The Post followed a 19-year-old freshman from a college in upstate New York as she struggled with the housing dilemma. Her name is not being used because she ended up in a sublet of a sublet, and her roommates panicked at the thought of being identified and possibly losing their hard-sought apartment.
For a month and a half this spring, the freshman tried to pin down housing for less than $500 a month, she told The Washington Post in a series of conversations, including e-mails, a phone interview and an interview in person.
Because she had a scholarship toward her congressional internship and didn't want to ask her parents for money, she was on an extra-tight budget, she explained.
A week before her job was to start, she hadn't found a place. But she was still optimistic in a phone call with a reporter: "I'm sure something will turn up. I'm definitely coming, one way or the other," she said.
"I guess if worst comes to worst," she said, "I can live somewhere in the suburbs and take the subway in. But I want to get a part-time job to make ends meet, about 12 hours a week, maybe in a restaurant, and I'm not really keen on taking the subway at midnight."
The student said she thought she had nailed a place early. But one spot vanished when a person looking to share a bedroom didn't respond to e-mails.

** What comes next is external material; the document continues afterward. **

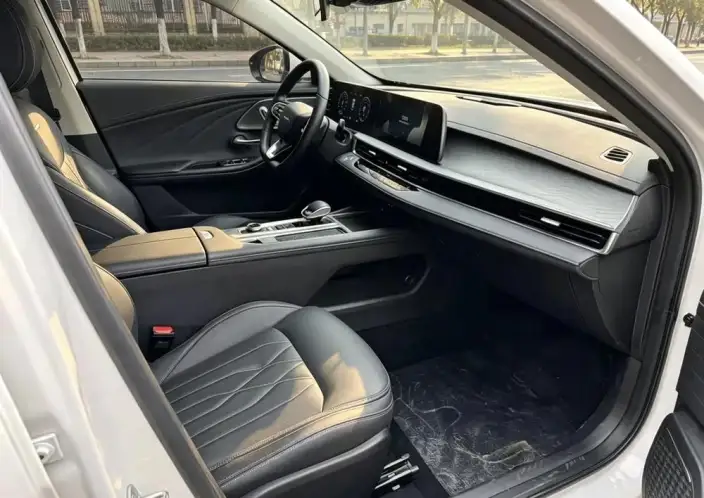 Chery Arrizo 8 2022 Model 1.6TGDI DCT Shang – фото 7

And another "guaranteed" position disappeared when a roommate who was expected to leave, didn't.
The student pounded the pavement electronically during her search, using sources that many students and non-students use for housing and other needs, such as Craigslist.org, Washingtoncitypaper.com and the Washington Post's Web site. She had begun the process by looking at Roommates.com, a roommate-matching site that charges a fee to read e-mail responses, but she quickly learned about the free sites and shifted exclusively to them.
She also placed her own ad in the City Paper's electronic listings that said: "I'm desperate!"

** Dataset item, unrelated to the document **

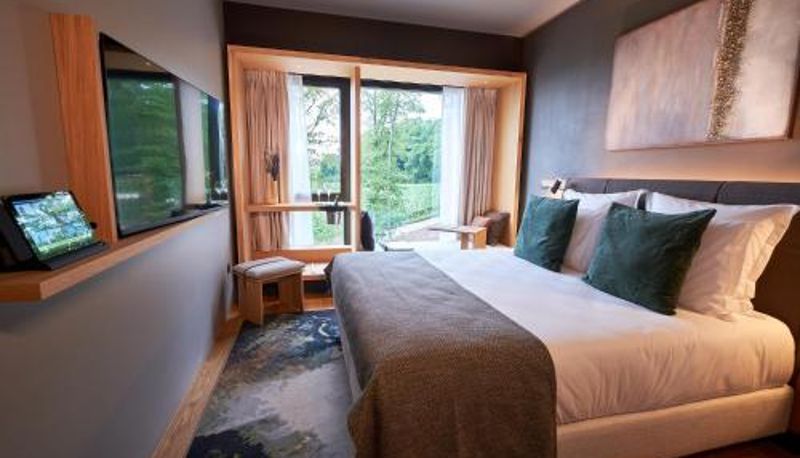 Pokój - LOISIUM Wine & Spa Hotel Champagne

Then, almost miraculously, she heard back from the very first person who had offered her a room-share. That student explained that she had lost contact because of computer problems and only had a university dorm phone number to rely on, not the New York student's home number.
When the deal was re-sealed, the student finally relaxed a little. She arrived last Sunday, after a rendezvous along the way with her parents.
"We've heard all the horror stories about interns in Washington," the student's father said, "but [she's] pretty smart and it'll all be okay."
Upon seeing the apartment building, he concluded, "The building looks pretty secure to me, and the room looks fine."
One of the student's biggest problems in finding a summer rental, she admits now, was that she wanted to pay so much less than the going rate. To do that she was more or less forced to sublet and had to rule out a big source of housing -- area universities.